With the advent of new and upgraded computer technology, electronic signatures have come into play as a way to get permission from someone that is not in attendance live at an event or meeting.
The definition of electronic signature is a part of a document that contains your name and company position, which is supposed to tell a client that you are the one that either sent an e-mail or document and you endorse what is in the document or file. A signature can consist of anything containing your name, such as your name with the company logo next to it, or it can be your written signature captured via scanner and inserted into a file.
The reason behind electronic-signature technology has to do mostly with paperwork. Having a signature on a signed and computerized document is easier to track down than a signature obtained on paper and filed away deep in the bowels of a cabinet.
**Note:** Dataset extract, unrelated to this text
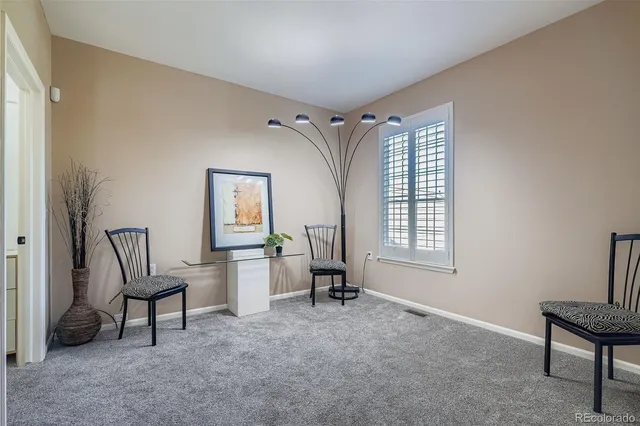 a bed room with a bed and a painting on the wall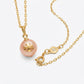 A gold chain necklace featuring a round, pale pink pearl pendant with a gold monogram logo, displayed on a clean white background.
Take into account the printing and copying of documents to send to people for signatures costs money, and gathering the signatures by computer can save on paperwork costs and help the environment at the same time.
When fax machines became popular to use in the 1980s, many people just stuck their signatures on the document via pen or rubber stamp before faxing the document back. Because signing the document and sending it back electronically was performed, these were the first documented cases of e-signatures in action. Technology is also available where a clickwrap, or the simple click of a box that says “yes” or “I agree” under the terms and conditions, constitutes an electronic signature.
There are simple programs that contain the proper software to handle management of contracts and communication in office rather than with a third party. Programs like ContractLogix.com use the software designed to draw up ready-to-sign documents. These programs can monitor whether or not you have sent proper contracts out to needed parties, and a data-tracking service shows if those e-mailed documents have been returned.
Many companies with roots in human resources, banking/finance, and the legal field use electronic technology.
This is understandable in the banking and legal fields. A lot of times a contract is drawn up that needs to have quick approval. Instead of hunting down the proper party for a signature, that contract can be sent right to the person that needs to sign or endorse it, and the reply back to the e-mail can count as a signature.
Human resources uses the e-method when securing new employee contracts, endorsements on timesheets or anything that goes into an employee record and needs a signature from someone. Once the signature is secured, it doesn’t need to be obtained again. That saves plenty of time having to track down employees for a signature that can be sent in via computer.
The electronic method saves plenty of time and hassle, not to mention a signature only needs to be obtained once and then it is good until that employee changes jobs or leaves the company. In an era where time is money, having a signature ahead of time saves both.